A verbatim copy is needed of the lines below from the one containing "VENTA | CASA" up to and including the one containing "Bilder des Tages", excluding pictures.

━━━ Exercise inputs ━━━

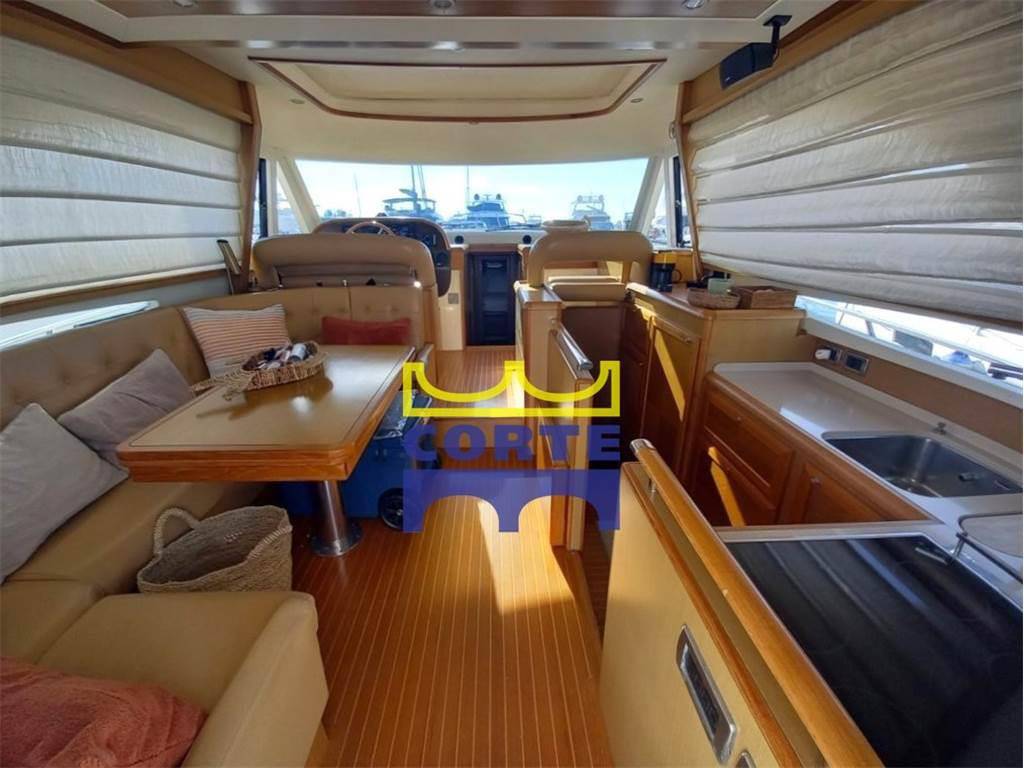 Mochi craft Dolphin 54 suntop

━━━
━━━ Exercise inputs ━━━

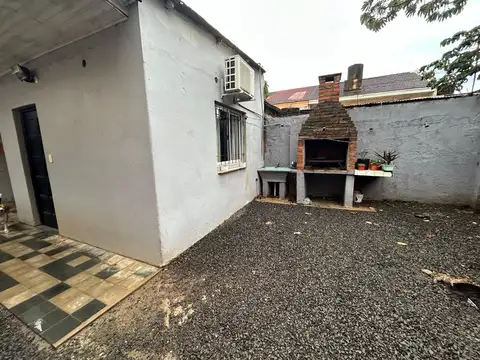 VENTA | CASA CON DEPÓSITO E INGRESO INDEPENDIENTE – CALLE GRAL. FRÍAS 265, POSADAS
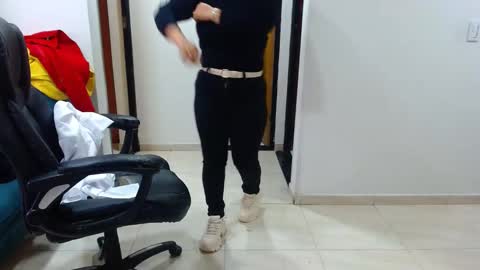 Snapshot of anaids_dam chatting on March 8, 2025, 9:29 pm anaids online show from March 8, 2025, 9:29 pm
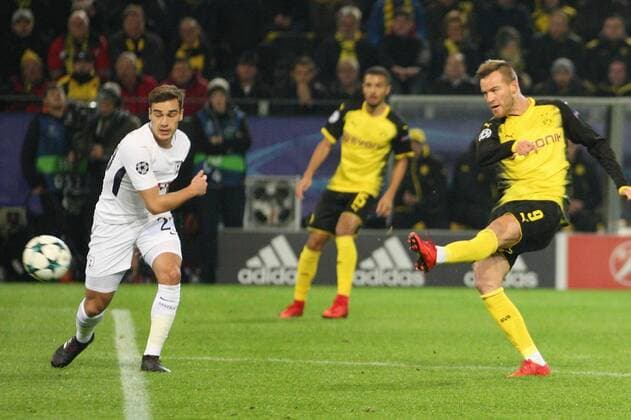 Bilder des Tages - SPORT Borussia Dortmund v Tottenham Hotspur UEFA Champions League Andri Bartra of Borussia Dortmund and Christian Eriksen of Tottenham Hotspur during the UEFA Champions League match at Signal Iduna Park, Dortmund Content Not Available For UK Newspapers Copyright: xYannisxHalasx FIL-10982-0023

━━━
━━━ Exercise inputs ━━━

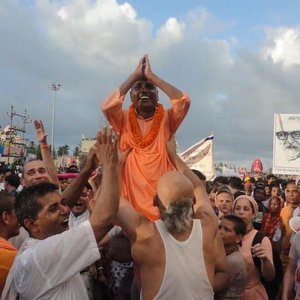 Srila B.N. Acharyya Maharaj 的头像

━━━

**Exercise result**
 VENTA | CASA CON DEPÓSITO E INGRESO INDEPENDIENTE – CALLE GRAL. FRÍAS 265, POSADAS
 Snapshot of anaids_dam chatting on March 8, 2025, 9:29 pm anaids online show from March 8, 2025, 9:29 pm
 Bilder des Tages - SPORT Borussia Dortmund v Tottenham Hotspur UEFA Champions League Andri Bartra of Borussia Dortmund and Christian Eriksen of Tottenham Hotspur during the UEFA Champions League match at Signal Iduna Park, Dortmund Content Not Available For UK Newspapers Copyright: xYannisxHalasx FIL-10982-0023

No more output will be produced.